Dozens of commentators have made the same point, so I acknowledge I’m not adding much original here. But Harry threw away an important spot in the Royal Family in an exchange for a divorced actress from a broken home.
After being in a play myself, I have a newfound respect for actors. But, let’s face it, it’s a gig that attracts what Z Man colorfully calls “carny folk,” basically dishonest grifters who are really good at playing pretend for a living. It’s hard work, but that doesn’t make it honest work.
Actresses seem particularly wily and temperamental. I once heard Gavin McInnes compare Hollywood to a town populated entirely by annoying high school theatre kids. Now take the volatility and dramatics of an aging actress and saddle that to a prince. It’s a recipe for disaster.

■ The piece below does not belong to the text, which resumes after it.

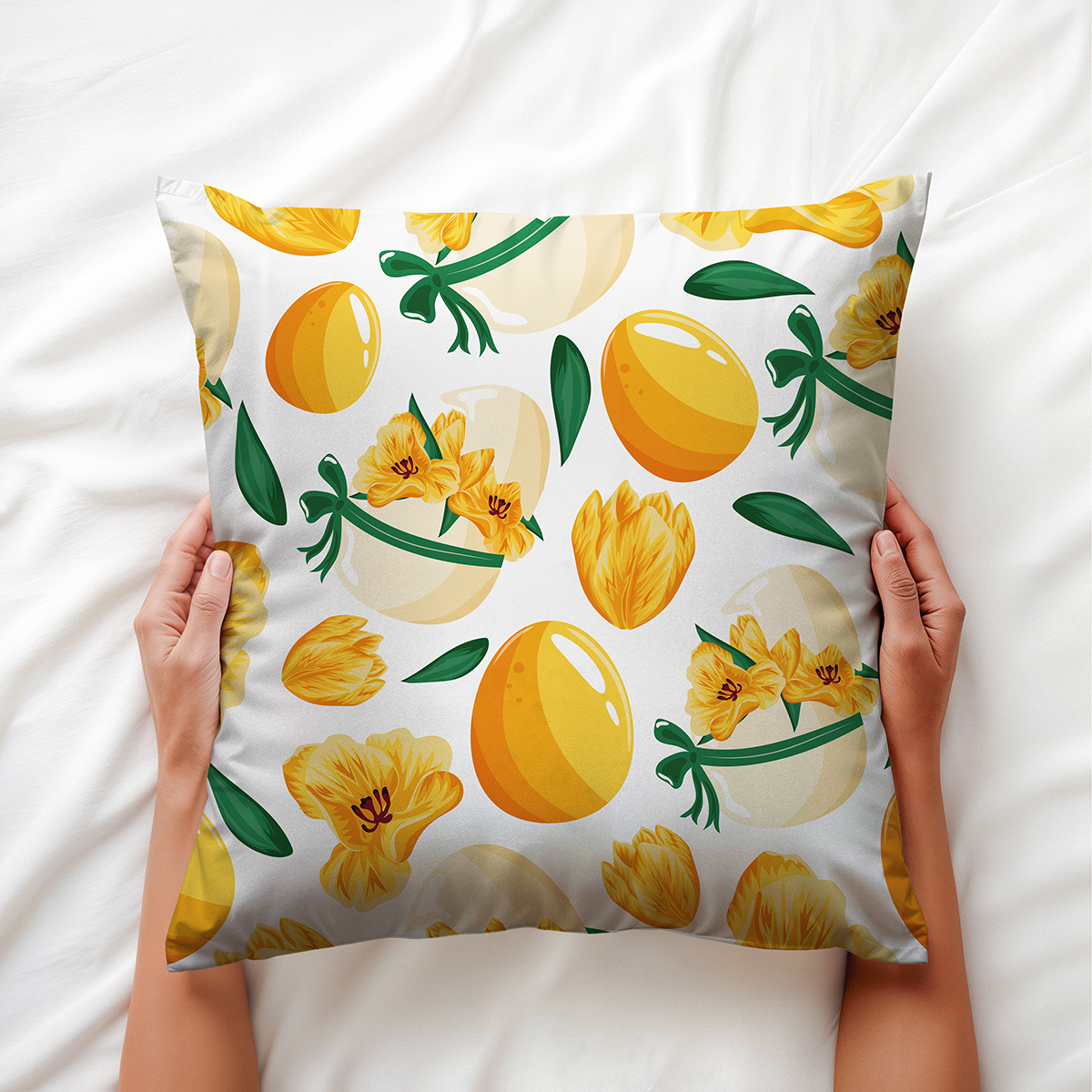 Widok poduszki trzymanej w dłoniach, wzór z jajkami i zielonymi listkami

Meghan Markle’s motivation is unclear, but that’s probably because we’re normal people. The British monarchy is an institution grounded in order and tradition; Meghan Markle is a rootless professional drifter with tenuous family ties who managed to get her hooks into a hapless Harry.
Maybe Harry could have taken a firm hand (not literally, geeze) with his wife and lifted the shiftless princess to the level of a royalty. Hard experience suggests otherwise, as do actual events. 2 Corinthians 6:14 cautions against believers “yoking” themselves to unbelievers, because the two pull against each other. Typically, the believer succumbs to the unbelief of his partner, rather than the other way around.

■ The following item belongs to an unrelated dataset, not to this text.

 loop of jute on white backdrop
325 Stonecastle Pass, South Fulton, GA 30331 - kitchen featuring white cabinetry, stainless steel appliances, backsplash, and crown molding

The lesson of that passage can be applied more broadly. Prince Harry had no business marrying a Hollywood strumpet, even if she is kind of a babe. His brother, Prince William, got it absolutely right: he married a girl with a great deal of personal integrity and inherent royalty—a true Proverbs 31 woman, by all accounts.
The lesson should be clear for us, too, especially Christians. Yeah, the hipster girls next door are enticing, but they will make your life miserable (no one wants to deal with all that patchouli and such anyway). A good woman is more precious than rubies. What makes her a princess is her integrity and faithfulness, not marrying the right ginger.
Let’s hope Prince Harry can get a handle on his marriage. He got himself into this mess, but I still sympathize with him. Let this be a warning to all of us to avoid floozies at all cost.